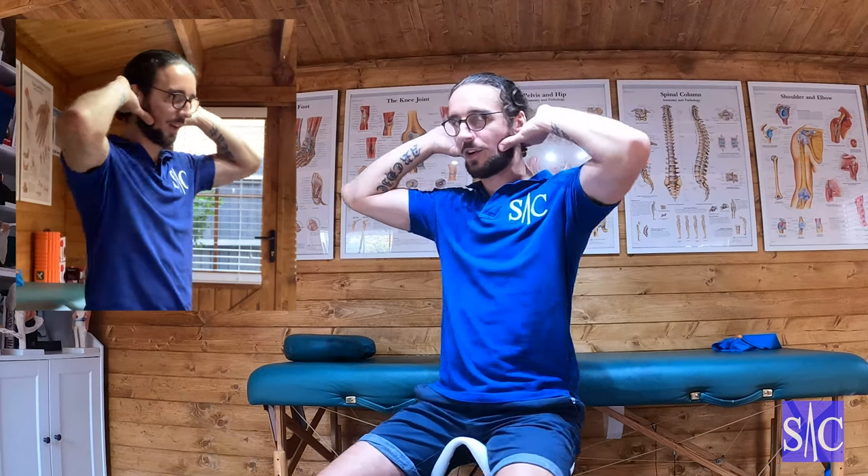So that's my hand position: thumb on the corner of the jaw, fingers underneath the base of the skull. The movement I'm going to make is I'm going to try and get my chin onto my Adam's apple.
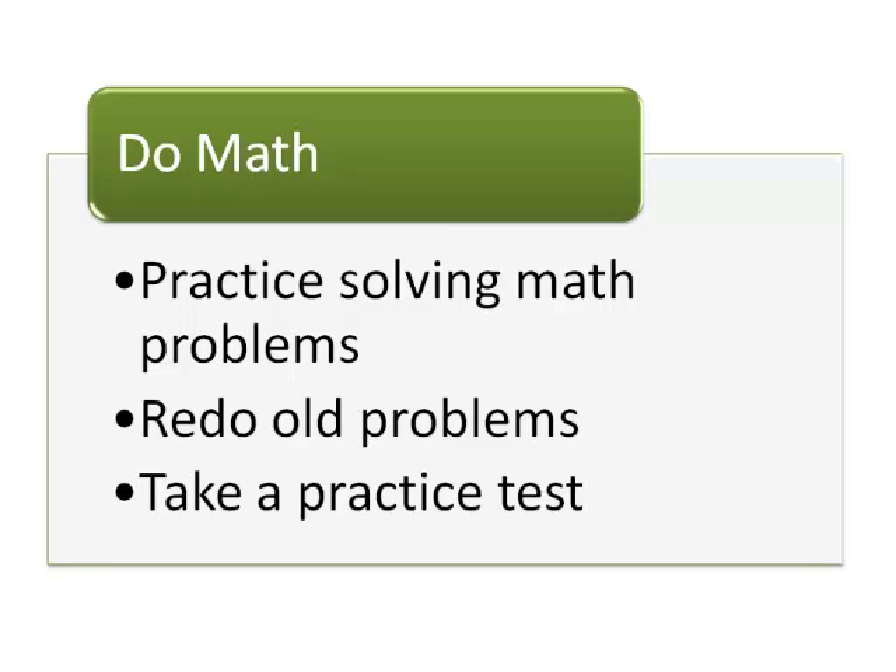Most math exams are made up completely of math problems. The only way to study for this type of exam is to practice by completing similar problems. One way to do this is to go over each section of your textbook or notes and make sure you still understand how to solve the problems.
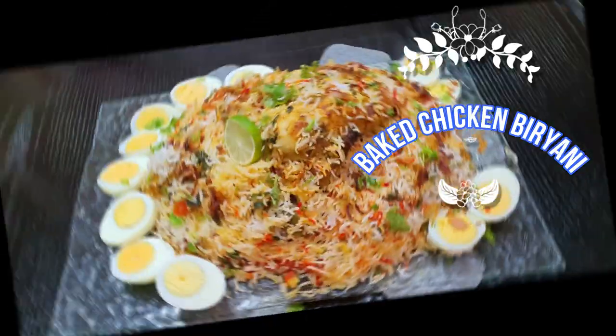Hi guys, Assalamu alaikum, hello hi and once again welcome to my kitchen. Cooking is Fun with Pure Dolls and today's recipe is the Chicken Baked Biryani. And it's going to be fun doing this.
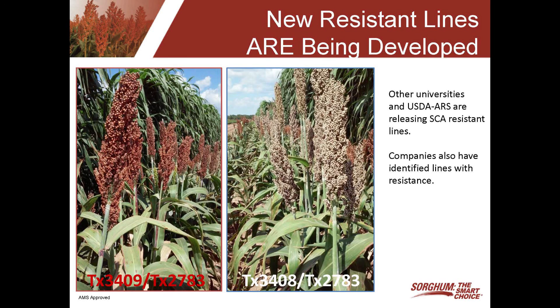The seed companies as well as the universities are certainly putting a lot of resources into developing new sources of resistance to the sugarcane aphid. The companies have been screening their current hybrids to determine if they have tolerance or resistance, and they're also looking for new sources of resistance. Texas A&M just recently released two new sources of resistance: TX3409 and TK3408. USDA has released four lines that have resistance, and certainly the companies are working to develop new sources as well. I really think in the next couple of years we'll see new hybrids on the market that are much more tolerant to the sugarcane aphid than what we currently have.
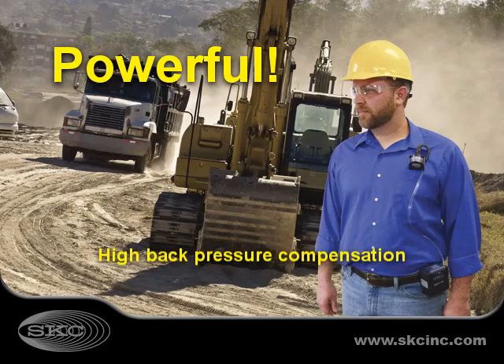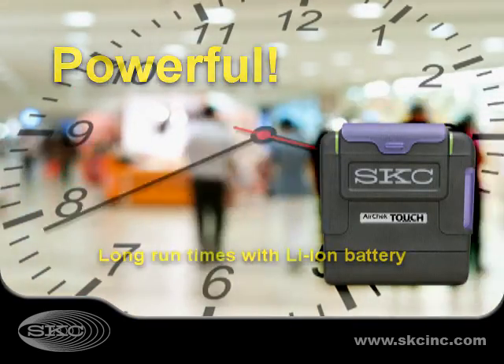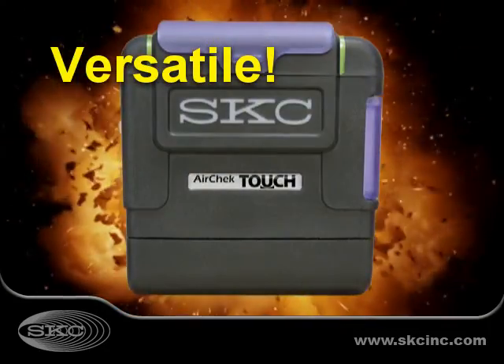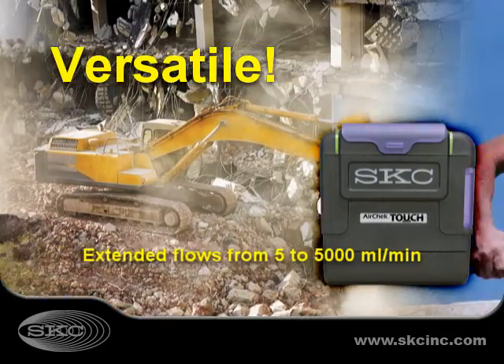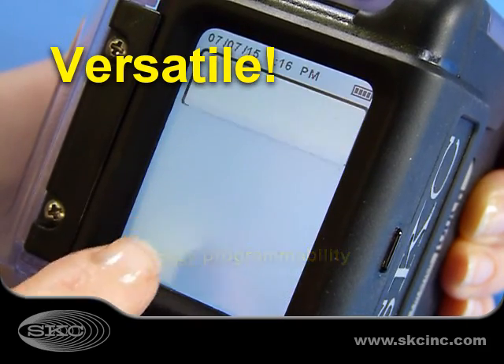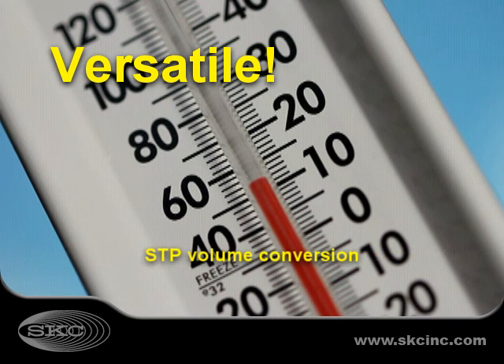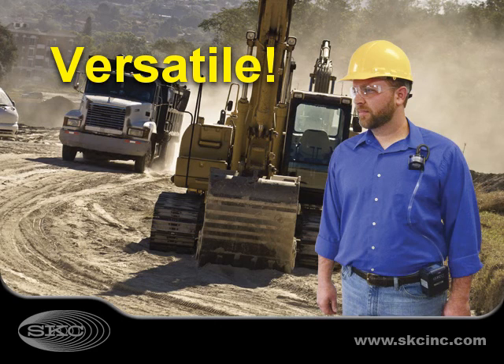Powerful AirCheck Touch provides high back pressure compensation and run times in excess of 12 hours. With its wide 5 to 5,000 mL a minute flow range, touchscreen or PC programmability, real-time flow display and automatic flow correction, AirCheck Touch is the best choice for today's sampling applications.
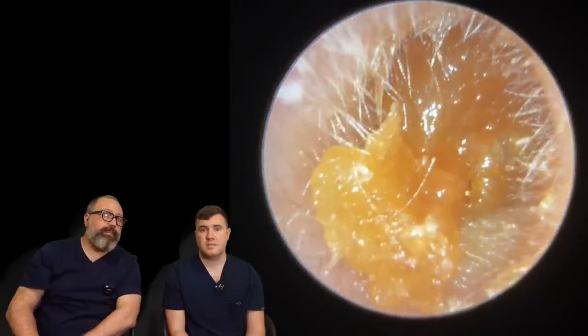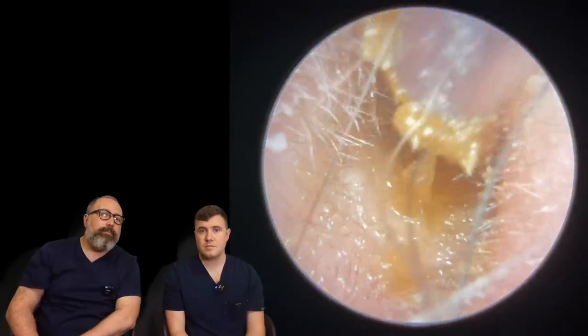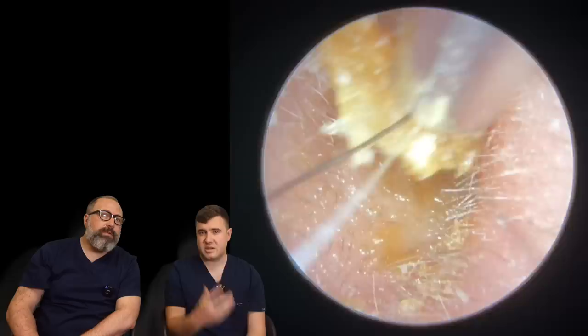Exactly the same on this side, but this one has a bit of wax mixed in with it, so it's a little bit more blocked. That'll be the darker material sitting above the skin.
□ □ □ □ □
**TASK BRIEF:**
Give back every record precisely as it stands, without the images.

**EXERCISE RESULT:**
So that's my hand position: thumb on the corner of the jaw, fingers underneath the base of the skull. The movement I'm going to make is I'm going to try and get my chin onto my Adam's apple.
Most math exams are made up completely of math problems. The only way to study for this type of exam is to practice by completing similar problems. One way to do this is to go over each section of your textbook or notes and make sure you still understand how to solve the problems.
Hi guys, Assalamu alaikum, hello hi and once again welcome to my kitchen. Cooking is Fun with Pure Dolls and today's recipe is the Chicken Baked Biryani. And it's going to be fun doing this.
The seed companies as well as the universities are certainly putting a lot of resources into developing new sources of resistance to the sugarcane aphid. The companies have been screening their current hybrids to determine if they have tolerance or resistance, and they're also looking for new sources of resistance. Texas A&M just recently released two new sources of resistance: TX3409 and TK3408. USDA has released four lines that have resistance, and certainly the companies are working to develop new sources as well. I really think in the next couple of years we'll see new hybrids on the market that are much more tolerant to the sugarcane aphid than what we currently have.
Powerful AirCheck Touch provides high back pressure compensation and run times in excess of 12 hours. With its wide 5 to 5,000 mL a minute flow range, touchscreen or PC programmability, real-time flow display and automatic flow correction, AirCheck Touch is the best choice for today's sampling applications.
Exactly the same on this side, but this one has a bit of wax mixed in with it, so it's a little bit more blocked. That'll be the darker material sitting above the skin.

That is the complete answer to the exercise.